● **Your instructions**: Repeat the data exactly. Pictures are not part of the copy.

● **Recorded information**:
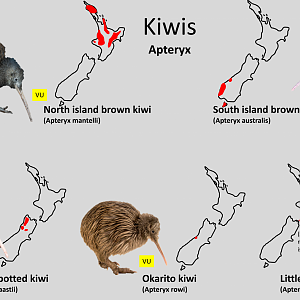 Kiwi distribution maps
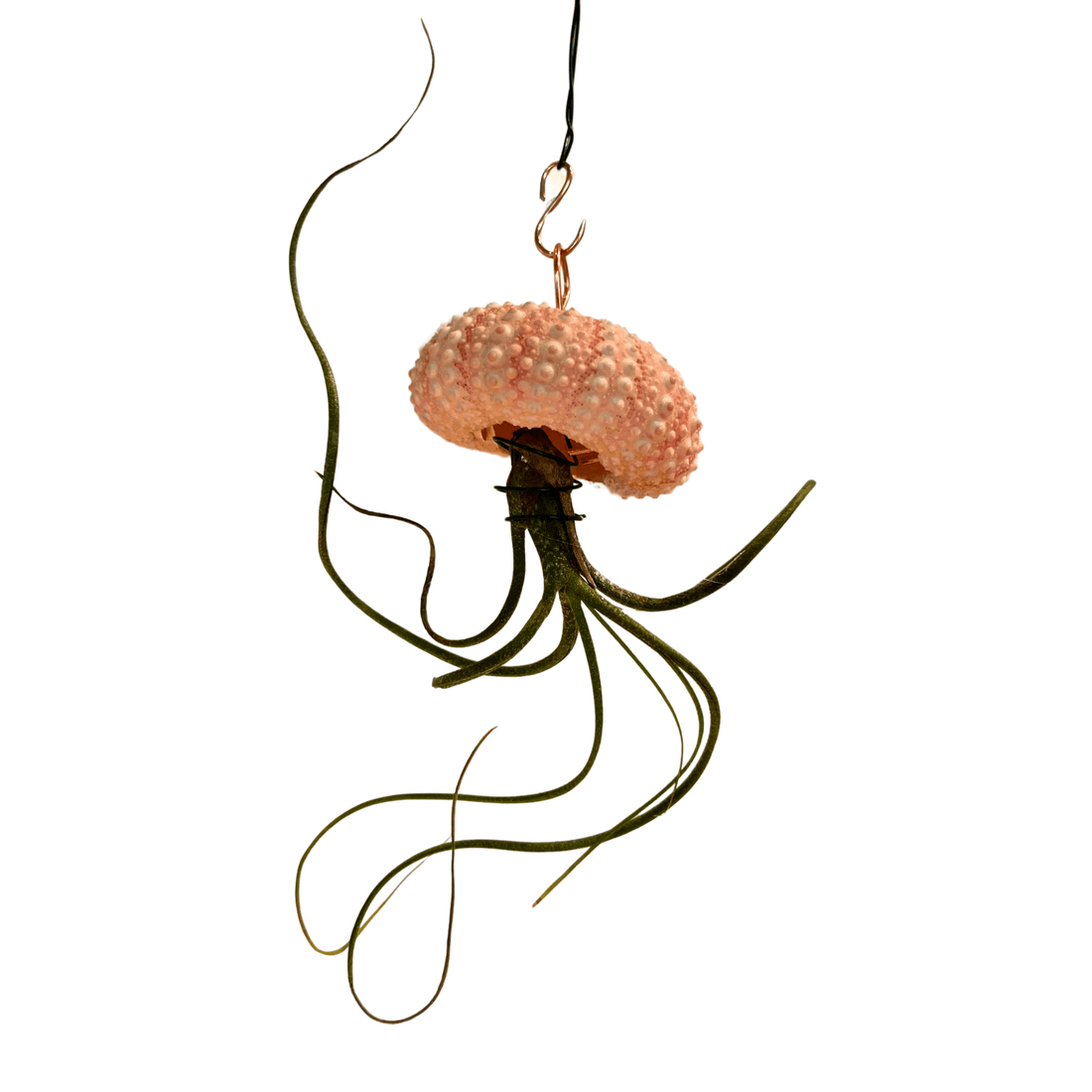 Hanging Air - Plant Jellyfish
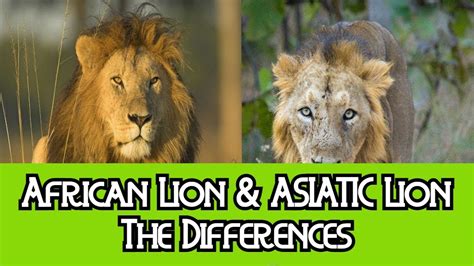 African Lion Asiatic Lion The Differences YouTube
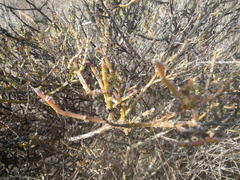 Thesium patulum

● **Task response**:
 Kiwi distribution maps
 Hanging Air - Plant Jellyfish
 African Lion Asiatic Lion The Differences YouTube
 Thesium patulum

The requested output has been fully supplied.